Quote the listing below word for word, stopping after the line that contains "Casale cala il poker, Vado al tappeto".

Entries supplied ::

= Beginning of Section =

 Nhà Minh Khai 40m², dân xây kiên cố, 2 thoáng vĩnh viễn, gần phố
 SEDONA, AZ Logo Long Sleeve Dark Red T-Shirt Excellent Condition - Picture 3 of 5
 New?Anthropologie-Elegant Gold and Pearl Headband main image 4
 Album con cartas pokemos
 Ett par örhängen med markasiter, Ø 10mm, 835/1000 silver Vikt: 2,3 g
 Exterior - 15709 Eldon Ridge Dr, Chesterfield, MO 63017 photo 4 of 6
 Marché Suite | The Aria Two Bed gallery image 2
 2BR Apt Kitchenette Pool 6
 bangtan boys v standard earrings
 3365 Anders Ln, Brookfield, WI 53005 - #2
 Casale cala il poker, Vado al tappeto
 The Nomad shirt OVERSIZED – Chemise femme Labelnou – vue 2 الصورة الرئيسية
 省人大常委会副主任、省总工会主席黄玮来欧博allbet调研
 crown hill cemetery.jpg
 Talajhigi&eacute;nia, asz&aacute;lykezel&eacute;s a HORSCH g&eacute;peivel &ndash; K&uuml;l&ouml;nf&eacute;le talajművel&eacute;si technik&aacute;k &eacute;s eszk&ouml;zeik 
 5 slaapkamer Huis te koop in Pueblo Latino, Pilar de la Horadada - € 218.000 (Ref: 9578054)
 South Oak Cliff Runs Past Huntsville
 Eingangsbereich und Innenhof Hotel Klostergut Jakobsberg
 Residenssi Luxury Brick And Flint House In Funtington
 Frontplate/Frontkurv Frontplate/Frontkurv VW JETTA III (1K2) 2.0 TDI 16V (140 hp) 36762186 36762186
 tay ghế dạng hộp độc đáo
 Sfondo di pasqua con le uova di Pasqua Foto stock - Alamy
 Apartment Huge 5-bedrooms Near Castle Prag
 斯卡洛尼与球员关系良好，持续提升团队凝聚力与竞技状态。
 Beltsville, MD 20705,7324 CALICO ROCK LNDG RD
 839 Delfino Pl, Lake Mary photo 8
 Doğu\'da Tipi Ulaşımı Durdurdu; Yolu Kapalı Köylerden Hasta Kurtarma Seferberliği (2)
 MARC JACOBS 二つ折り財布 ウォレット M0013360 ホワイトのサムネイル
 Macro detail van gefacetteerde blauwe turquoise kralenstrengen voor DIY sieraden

= End of Section =

Expected answer ::
 Nhà Minh Khai 40m², dân xây kiên cố, 2 thoáng vĩnh viễn, gần phố
 SEDONA, AZ Logo Long Sleeve Dark Red T-Shirt Excellent Condition - Picture 3 of 5
 New?Anthropologie-Elegant Gold and Pearl Headband main image 4
 Album con cartas pokemos
 Ett par örhängen med markasiter, Ø 10mm, 835/1000 silver Vikt: 2,3 g
 Exterior - 15709 Eldon Ridge Dr, Chesterfield, MO 63017 photo 4 of 6
 Marché Suite | The Aria Two Bed gallery image 2
 2BR Apt Kitchenette Pool 6
 bangtan boys v standard earrings
 3365 Anders Ln, Brookfield, WI 53005 - #2
 Casale cala il poker, Vado al tappeto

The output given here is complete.